Here’s the problem: I didn’t knowhowto be quiet. Asking me for silence was like putting a giant cookie on the countertop, telling me not to eat it, and then leaving me alone with it.
I ate the goddamn cookie every time and I just couldn’t help it.
Everything about me was noise and fidget and rhythm, and I couldn’t function without.
So I tapped the chords on my wrist and stared at him. He was too pretty to be trapped in an elevator. I, on the other hand, attracted this brand of nonsense. This was par for my course, and wasn’t it always the poor, lonely grad students in these situations? Never men who looked like they should be sending hounds off for a fox hunt—did people still do that sort of thing?—or debating the appropriate amount of time to age a cabernet.
“You didn’t have to stop,” he said. “With the song. Just talk less. For a few minutes.”
With my iPhone in hand, I toggled to the right playlist and gave us each an earbud. He accepted it without question, and I figured averting a diabetic coma warranted this form of kinship.

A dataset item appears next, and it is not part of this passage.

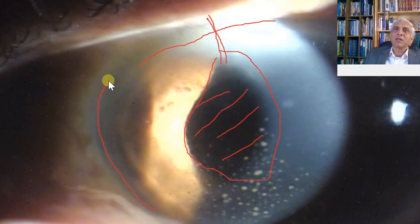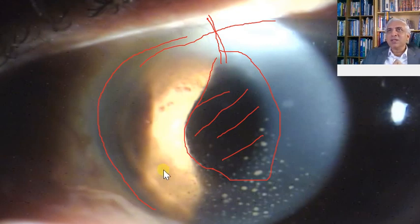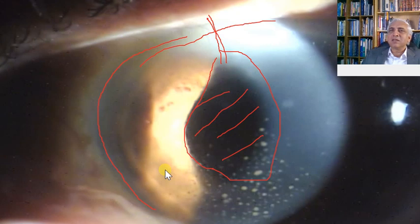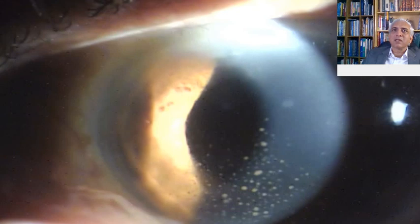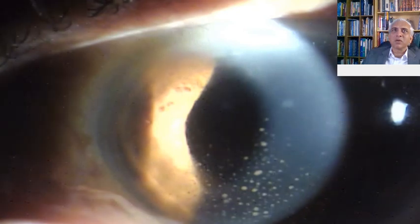Another important thing is to assess whether this is very active disease. The ciliary congestion is not very marked here, so it looks like a low-grade inflammation is happening. Let's start the video from the beginning and see what we have.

For four and a half blissful minutes, I wasn’t worried about elevator disasters. “More? Feeling better? Need anything else?” I asked. He nodded, his eyes still shut. “You want more, you’re feeling better, and you need something, or—”
“It’s fine,” he snapped. “I’m fine. Play something else.”

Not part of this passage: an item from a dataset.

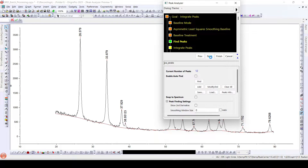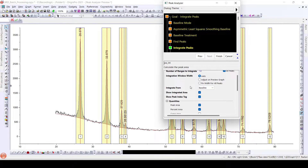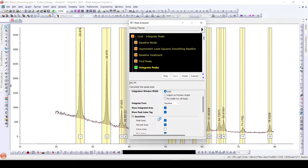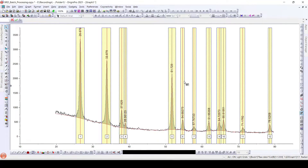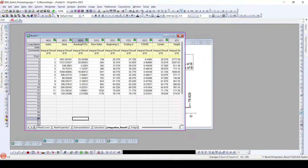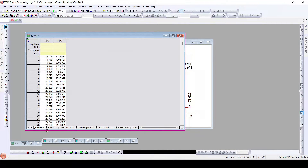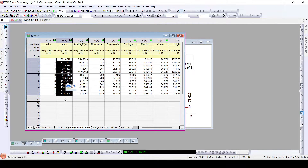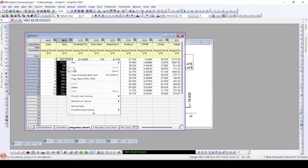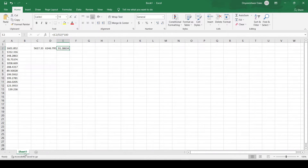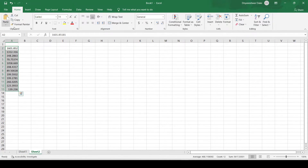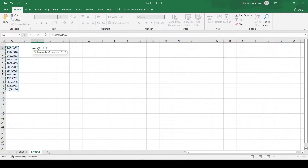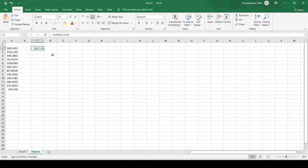Now we click Next. Here we can see 'Show Peak Integrated Area' — all the peaks are selected and the area under each peak can be calculated. We click Finish. In the resulting worksheet, we get the integration results showing the area of each individual peak. We copy this to an Excel file, paste it, and sum it up to get the total area under all the peaks.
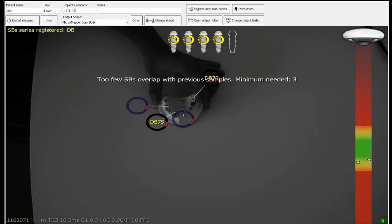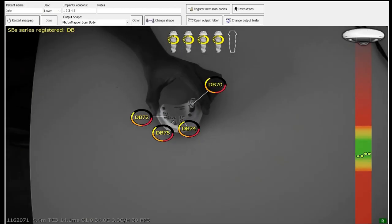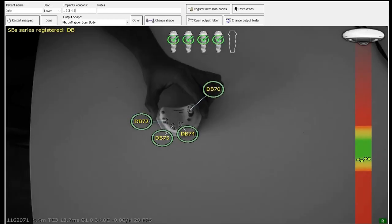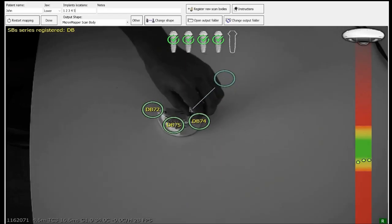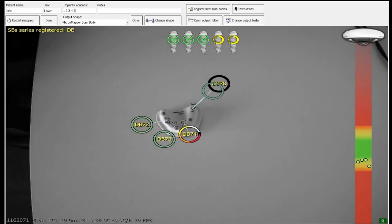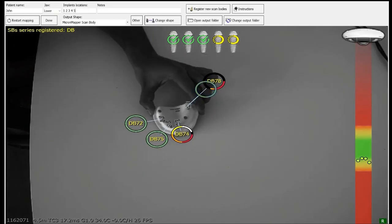Scan the scan bodies until the sampling circles turn green other than the number five as it is hidden. Don't click on done so the process will still continue. Now put the camera aside and remove the scan body in location four. So now the scan body in location five becomes visible to the camera.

I shifted off my knees and settled beside him. We sat there, shoulder to shoulder, listening to LCD Soundsystem, Weezer, Taylor Swift, The Who, AFI, Van Morrison, Seven Mary Three, OneRepublic, The Smiths, Lupe Fiasco, and a handful of new bands for almost two hours.

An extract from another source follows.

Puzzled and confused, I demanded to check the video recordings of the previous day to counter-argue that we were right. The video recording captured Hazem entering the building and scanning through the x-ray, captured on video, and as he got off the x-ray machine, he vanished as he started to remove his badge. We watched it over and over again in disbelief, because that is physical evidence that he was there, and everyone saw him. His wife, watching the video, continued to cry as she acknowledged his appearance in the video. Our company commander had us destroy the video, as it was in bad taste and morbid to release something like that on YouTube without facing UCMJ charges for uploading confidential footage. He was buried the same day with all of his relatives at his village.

So much for getting us out in a jiff.
The air was thick enough to chew, and I was way too close to experiencing one of my worst nightmares: smelling like a two-day-old Italian sub sandwich while in the company of other humans. As far as worst nightmares went, this wasn’t on par with death by killer bees or finding a severed finger in a tub of hummus, but it was a real concern.
The underwear model wasn’t faring much better in this heat. However, it was working out beautifully for me since he had ditched the gingham shirt, leaving him in just a gray tank and khakis. That, a ring on his thumb, a spendy-looking watch, two medical alert bracelets, a copper cuff, freckles, and the dark outline of tattoos on his shoulders.
Those freckles were just too fucking sweet. I wanted to touch everything and ask a dozen questions.
When the Neil Young song ended, I turned down the volume and said, “I’m Tiel, by the way.”
He kept his eyes closed but the corners of his mouth tipped up. “Teal? Like the color?”
I got the ‘isn’t that a color?’ routine a lot. Trust me, I gave my parents plenty of shit for that choice, and spent several adolescent years calling myself Renee. My mother could still produce homemade birthday cards I signed with my adopted name. I found it odd she bothered to keep them. In her book, I ranked just above the people who routinely let their dog poop in her front yard.
It wasn’t until I was out of the house and fully myself that I stopped wanting to be a Hannah or Rachel or Emma. Or Renee.
My older sister, on the other hand, couldn’t get enough of her name. She loved explaining that Agapi was the Greek word for divine love—at least that was her preferred translation. She liked it so much she tattooed her name on her own ass.
It was easy for her to embrace every ounce of her Greekness; she was my mother’s clone. She had the wavy mocha hair, the perfect olive skin, the dark eyes, and the tall, slender figure.
In every way imaginable, I was Agapi’s opposite. I was such an odd blend of both gene pools that I resembled neither of my parents. At first glance, I looked like the kid they adopted. Aside from inheriting my father’s thick black hair and a slightly lighter shade of my mother’s skin, my features were distinctly mine. Sometimes I wondered whether I’d feel differently about my family, my religions, my cultures if I’d ever felt like I belonged in any of them. To this day, I wasn’t sure where I belonged, but at least now I knew who I was.
“No, not the color. T-I-E-L.”
My name came with no cute translation.